Если коротко, лайфхак для русских писателей: прекратите бухать с ближними, начните бухать с дальними. И вы обнаружите, что мир — это целый космос.
В вашей техно-опере «Россия, вперед!» поднимается тема ретромании и всеобщей ностальгии. Кажется, что наша страна одержима прошлым, но только к одним историческим темам вроде военных побед обращается с удовольствием, а менее приятные вещи не затрагивает. Каким языком нужно говорить о нашей травмирующей истории таким языком, чтобы не отпугнуть публику?
Это самая большая загадка, потому что история существует в глазах смотрящего. Этот язык сегодня в России старается напомнить зрителю о том, что он когда-то был не так уж и плох. Что когда-то мы могли и в космос полететь и мячик в кольцо забросить. В этом есть доля разумного, потому что без комплимента зрителю очень грустно.

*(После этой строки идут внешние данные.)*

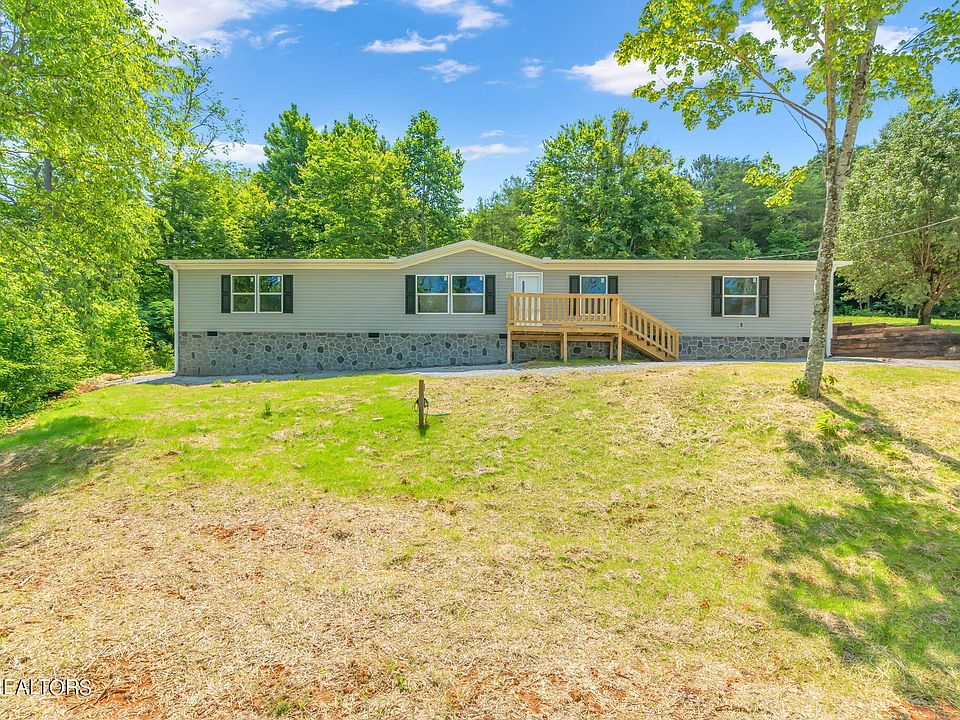 1st image of 233 Sunset View Dr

Зритель хочет получать комплименты, и авторы их делают.
Поэтому авторы стараются находить в прошлом комплиментарные фигуры. Сегодняшняя проблема в том, что такие фигуры закончились. Потому что все хорошие байопики про всех хороших людей прошлого уже сняты. Это Поддубный, Калашников, разные космонавты, спортсмены. А все остальные либо были расстреляны, либо были геями, либо уехали, либо покончили с собой. В общем, там возникают сложности. Оказалось, что искать в прошлом белых цисгендерных мужчин сложно — их не так уж и много. Поэтому скоро вопрос языка встретится с тем, что закончилась фактура. Закончился контент.

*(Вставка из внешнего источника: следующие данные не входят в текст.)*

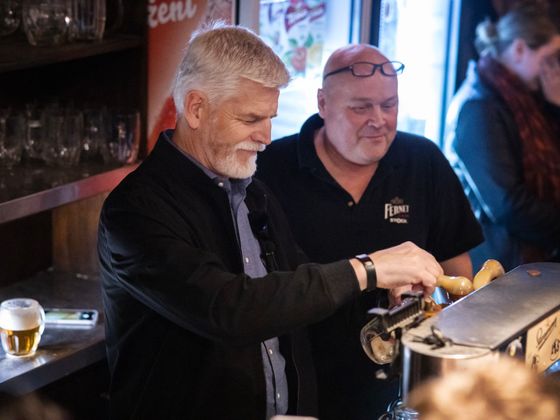 Prezidentský kandidát Petr Pavel patrně poprvé v životě čepoval pivo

Для меня самой неисследованной фигурой и наиболее подходящей для байопика остается композитор Шостакович. Он был цисгендерный, отчасти славянин, и сегодня ему стоит памятник возле Дома музыки. На открытии памятника я видел одновременно поэта Евтушенко и митрополита Илариона Алфеева. Вдруг выяснилось, что Шостакович всех устраивает: и интеллигенцию, и церковь. Хотя он был атеист и автор балета «Сказка о попе и о работнике его Балде». Но сегодня Шостакович — эта та фигура, которая может быть в хорошем смысле компромиссной. У него был конфликт с властью, но он из него успешно вышел и показал, что искусство побеждает власть. Побеждает плохую власть, а хорошая ставит ему памятники. С этим логлайном я бы продавал его биографию.
Вы писали сценарий для фильма «Кислота», который получил приз в конкурсе «Кинотавр. Дебют». Известно, что вы с режиссером картины Александром Горчилиным много раз переписывали сценарий – пережили серьезный творческий поиск для выработки финальной идеи. Как вы входите в это состояние творческого поиска и что из него получается вынести?
Творческий поиск — необходимая часть творческого процесса. Если в начале процесса все уже найдено, то это не ко мне. Может у кого-то так бывает, но у меня нет. Вообще этот поиск — самое интересное, что есть на свете. Поэтому люди, которые боятся что-то переделывать или переписывать, оценивают это как травму, глубоко заблуждаются. Результат, конечно, важен и интересен, но поиск — это удовольствие. Это нужно всегда и всем понимать.
Поэтому мы с Горчилиным не просто искали, а получали удовольствие. Хотя это было временами травматично. Временами это было забавно. Временами казалось, что все безнадежно. Но все вместе мы держали друг друга в балансе. И отдельное спасибо продюсеру Сабине Еремеевой, которая находила всегда индивидуальные пристройки к каждому из нас. Например, в те минуты, когда мысли отчаяния посещали меня, Сабина говорила: «А не хотите пообедать?». Я понимал, что обед как-то возвращает меня к жизни! И сразу экзистенциальная пустота проходила. Так что я всем рекомендую творческий поиск. Мы должны были этот фильм закончить и снять. А вообще это не обязательно — можно просто искать, искать и искать. И ни перед кем не отчитываться.